Word for word, print each record, dropping any image it holds.

Given data START

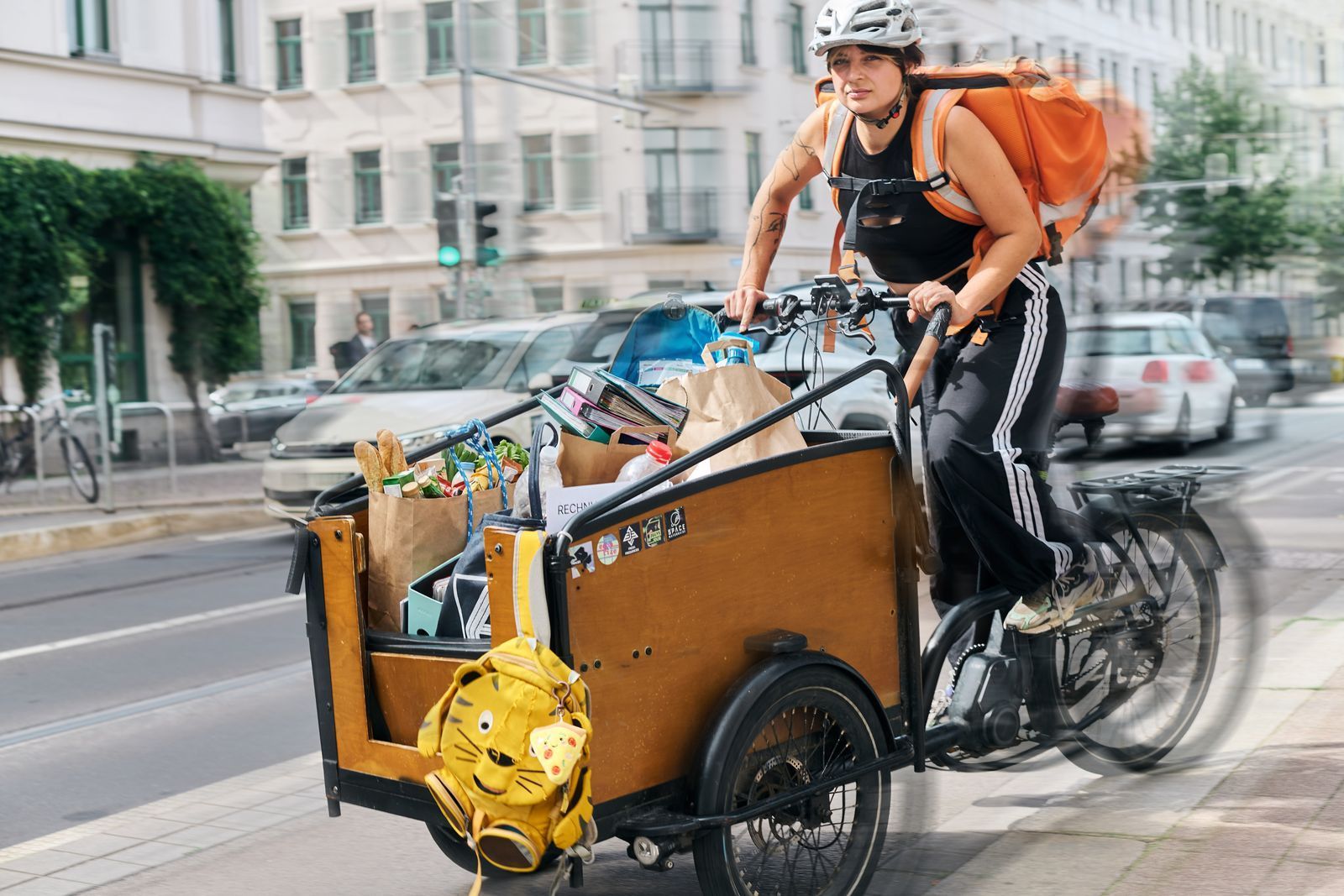 Luisa und ihre Familie sind auf staatliche Hilfe angewiesen. Zwischendurch arbeitet sie auf dem Fahrrad, um finanziell über die Runden zu kommen. (Bild: ZDF/ Sarah Storch)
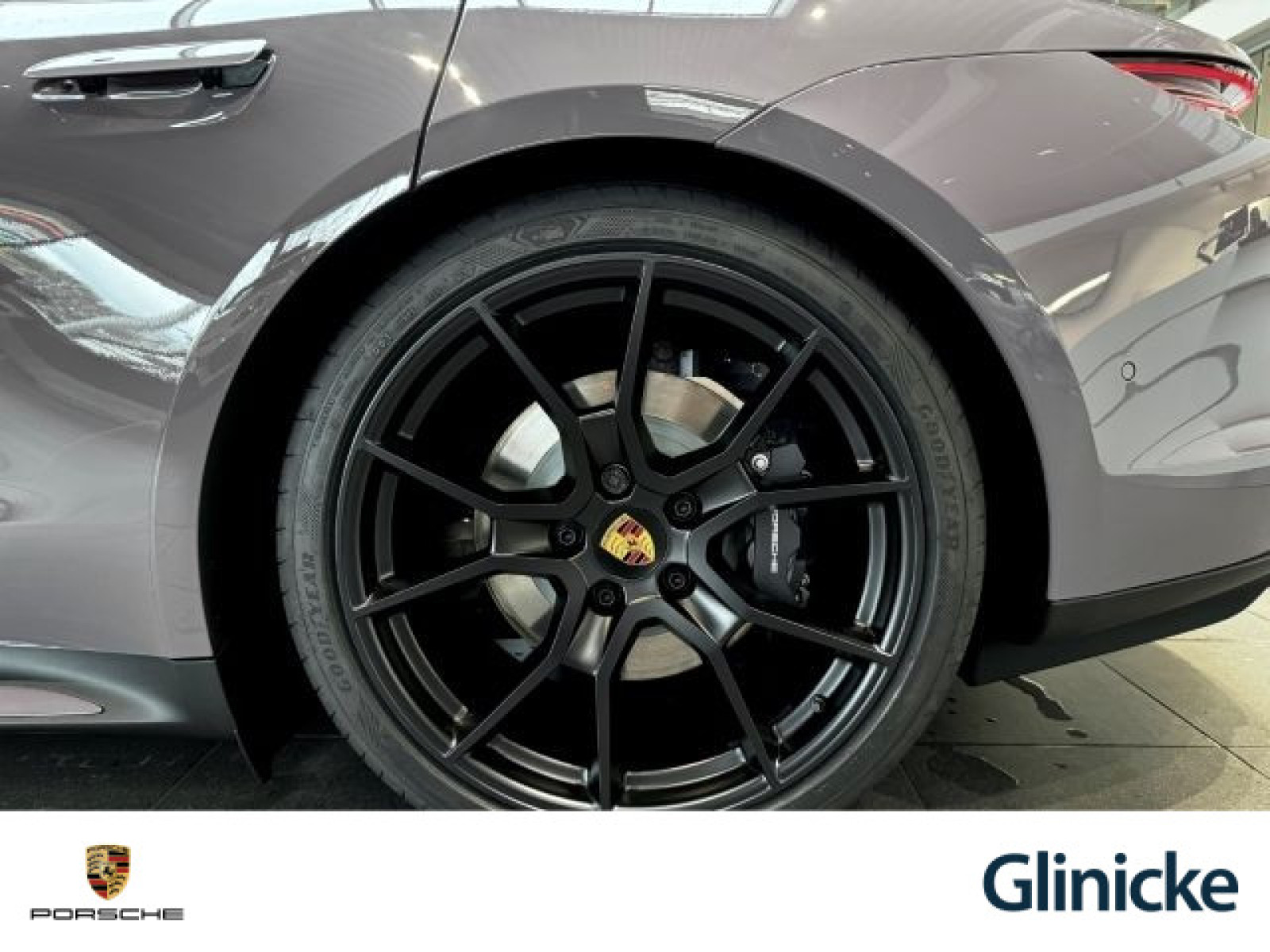 Porsche - Taycan_8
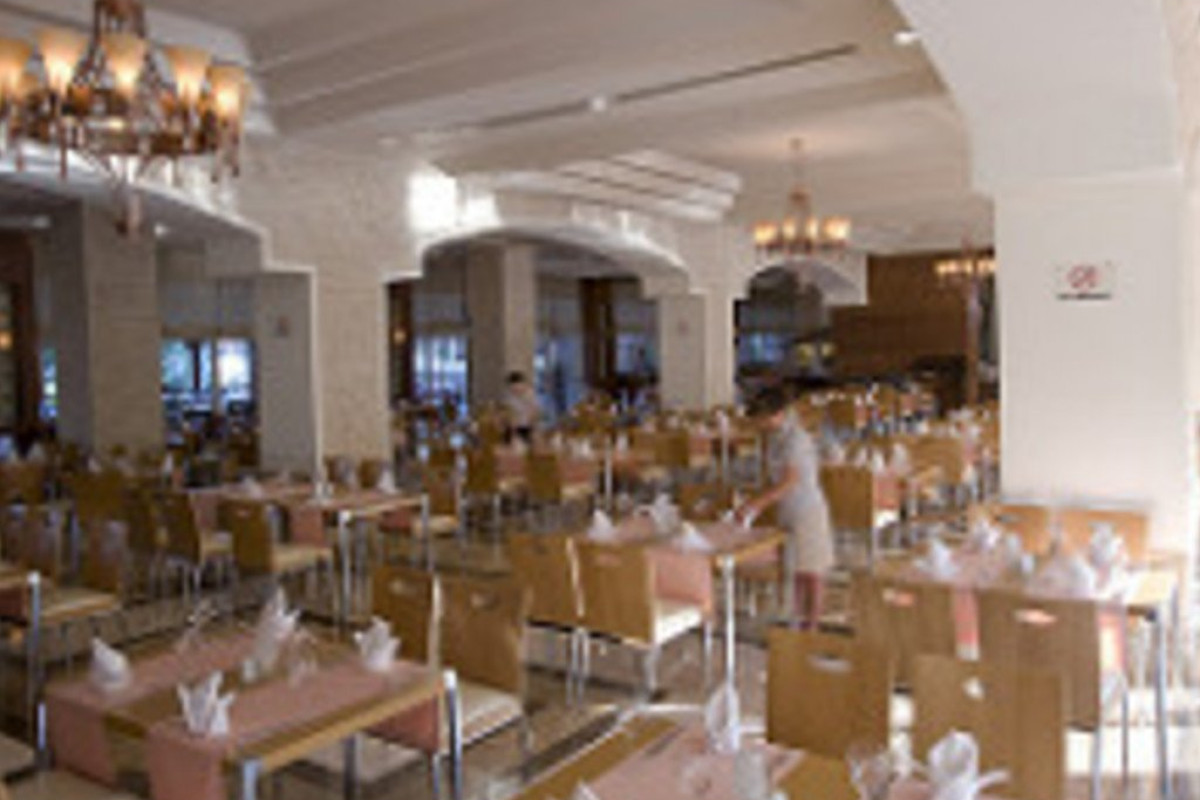 CRYSTAL DE LUXE RESORT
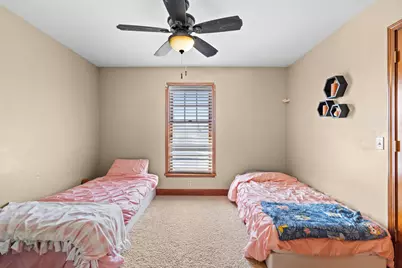 568 Shatz Drive N, Valparaiso, IN 46385 - Photo 32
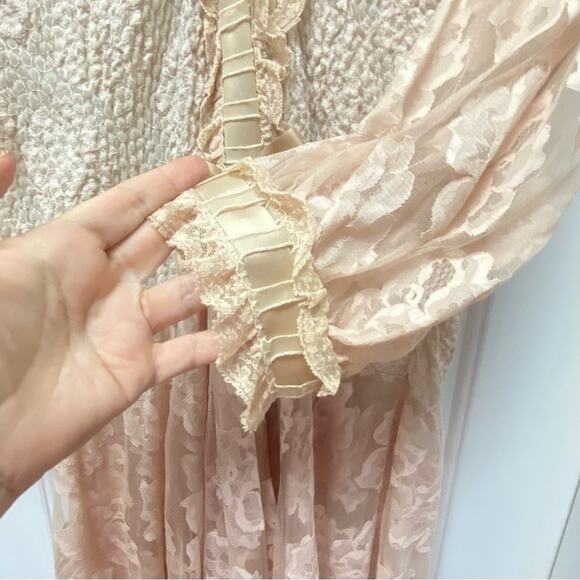 VTG. Victorian Princess Robe Womens M Lace Plunge Chiffon Coquette Fairy Renni - Picture 9 of 11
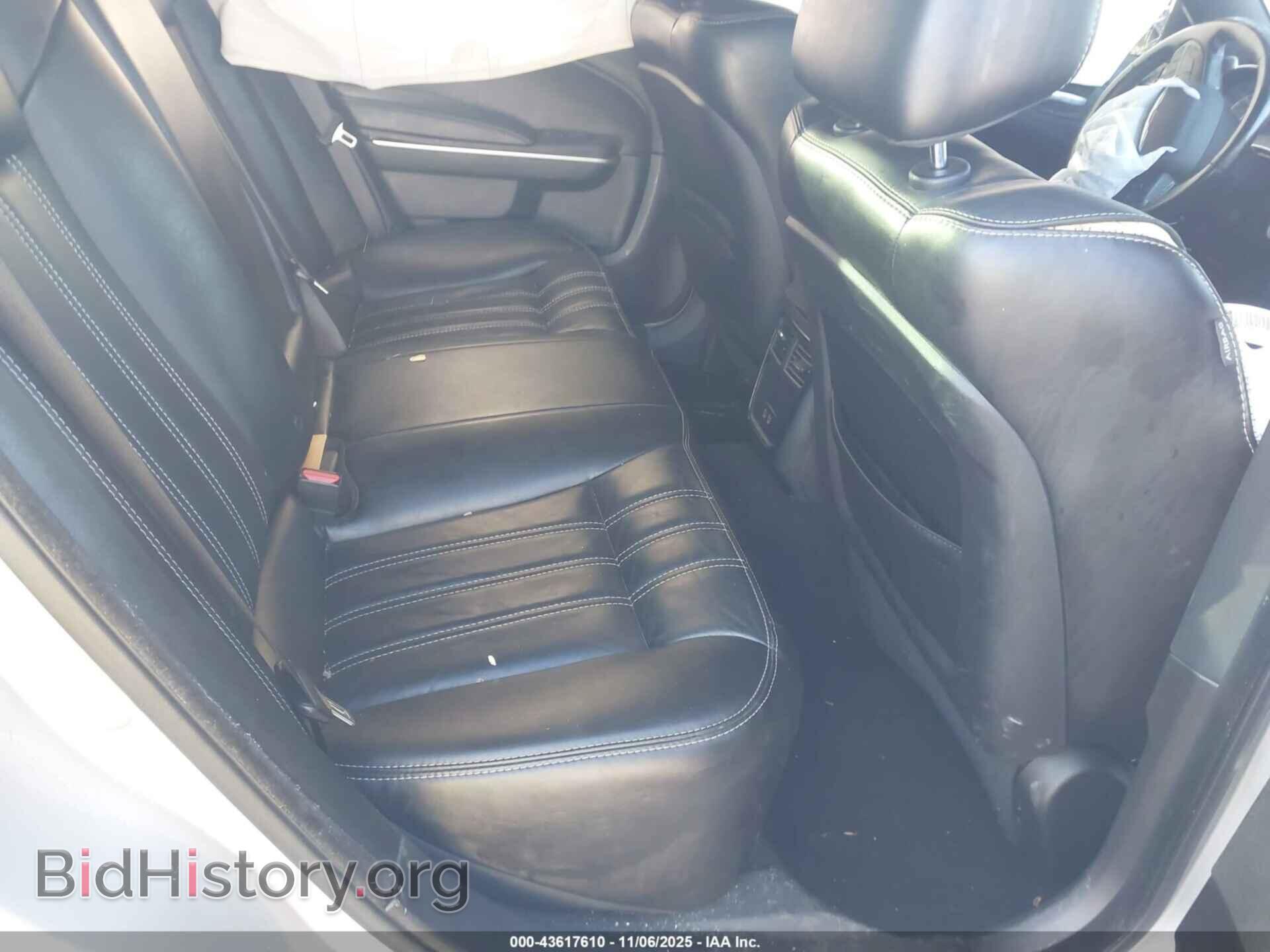 2021 CHRYSLER 300 - VIN: 2C3CCABGXMH589178 - Фото 8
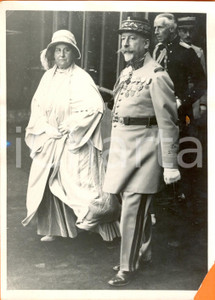 Fotografia d epoca originale 1930 ca PARIS Regina Guglielmina d OLANDA e Paul DOUMER con Generale BRACONNIER 1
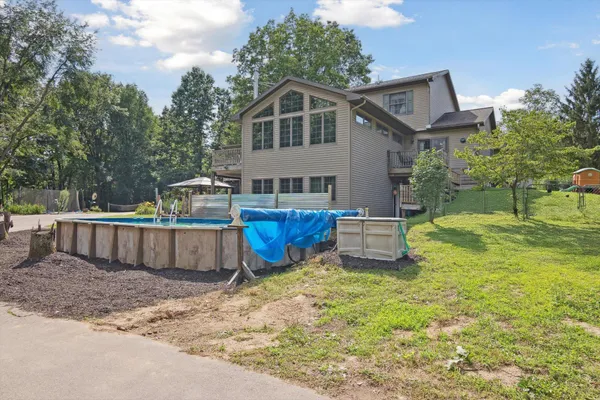 $599,900 | 1923 East Kimmel Road, Jackson, MI 49201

Given data END

_Answer box_
 Luisa und ihre Familie sind auf staatliche Hilfe angewiesen. Zwischendurch arbeitet sie auf dem Fahrrad, um finanziell über die Runden zu kommen. (Bild: ZDF/ Sarah Storch)
 Porsche - Taycan_8
 CRYSTAL DE LUXE RESORT
 568 Shatz Drive N, Valparaiso, IN 46385 - Photo 32
 VTG. Victorian Princess Robe Womens M Lace Plunge Chiffon Coquette Fairy Renni - Picture 9 of 11
 2021 CHRYSLER 300 - VIN: 2C3CCABGXMH589178 - Фото 8
 Fotografia d epoca originale 1930 ca PARIS Regina Guglielmina d OLANDA e Paul DOUMER con Generale BRACONNIER 1
 $599,900 | 1923 East Kimmel Road, Jackson, MI 49201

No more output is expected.